United States District Court, E.D. Pennsylvania

June 11, 2015

BARBIE SPEAR, et al. Plaintiffs,
v.
WESTFIELD INSURANCE COMPANY Defendant.

OPINION

RICHARD A. LLORET U.S. Magistrate Judge

Defendant, the Westfield Insurance Company (“Westfield”), has filed a Motion for Judgment on the Pleadings, asking me to dismiss a breach of contract claim filed by Barbie Spear and Alliance Holdings, Inc. Employee Stock Ownership Program (“Plaintiffs”). See Motion for Judgment on the Pleadings, Doc. No. 9; Brief in Support of Motion for Judgment on the Pleadings [“Def. Br.”], Doc. No. 9-2. Westfield argues that Plaintiffs’ breach of contract claim is time-barred based on the terms of the issued policy. See Def. Br. at 1-2. Plaintiffs argue that granting a motion for judgment on the pleadings would be premature at this stage of the litigation. See Plaintiffs’ Memorandum of Law in Opposition to Motion for Judgment on the Pleadings [“Pl. Br.”], Doc. No. 13, at 5-6.

After careful review, I will deny Westfield’s motion.

I. Factual Background

This dispute arises out of an employee theft and forgery policy that the Alliance Holdings, Inc. Employee Stock Ownership Program (“ESOP”) purchased from Westfield. Covering a period of three years from December 1, 2010 to December 1, 2013, [1] the policy insures for up to $1, 000, 000.00 any theft, forgery, or alteration committed by an employee of the insured. See Doc. No. 1, 37-38.[2] The Plaintiffs initiated this action by filing a Writ of Summons in the Pennsylvania Court of Common Pleas in Philadelphia County on October 30, 2014. Doc. No. 1, at 57 (docket sheet for Barbie Spear, et. al. v. Westfield Ins. Co., No. 3872, Oct. Term (C.C.P. Phila. 2014)). The Plaintiffs filed a formal Complaint on January 30, 2015 and Westfield removed this action to federal court on February 6, 2015. See Def. Br. at 2.
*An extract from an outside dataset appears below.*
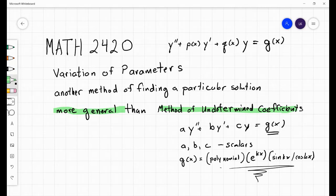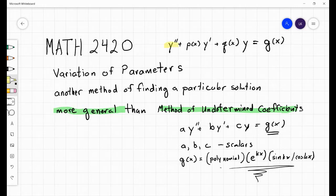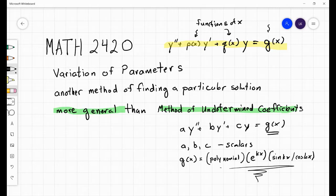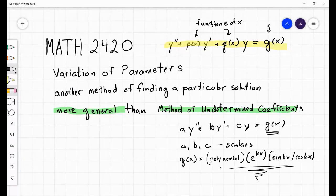For the method of variation of parameters, the coefficients don't have to be scalars — they could be functions of the independent variable, say x. And the right-hand side doesn't have to be of the form polynomial times simple exponential times sine or cosine. It could be something else, like tangent squared, for example.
As summarized by Westfield, this disputed claim arises out of monetary losses stemming from an “alleged theft of ESOP plan assets by its former trustee, former CEO, president, and director of Alliance Holdings, Inc., David B. Fenkell (‘Fenkell’)”. Id. (citations omitted). Alliance alleges that it “discovered” his theft on October 31, 2012. Def. Br. at 3. Westfield states that 18 months after the ESOP reported the loss, the ESOP provided a revised Proof of Loss claim to the insurance company, which included a Claim Narrative spelling out, in some detail, the nature of the actions allegedly undertaken by Mr. Fenkell while he served as sole trustee of the ESOP. See id. This Claim Narrative, attached in the Defendant’s Answer, states that “[i]t was not until July and August of 2012 that Alliance began to discover Fenkell’s theft.” See Doc. No. 2-1, at 35 (emphasis added); see also Def. Br. at 3 (noting the “Claim Narrative expressly admits that Fenkell’s actions and inaction were discovered in July and August 2012 – not October 31, 2012, the discovery date originally reported to Westfield”). Westfield argues that this does not match the October 31, 2012 date originally reported to the insurance company. See Def. Br. at 3.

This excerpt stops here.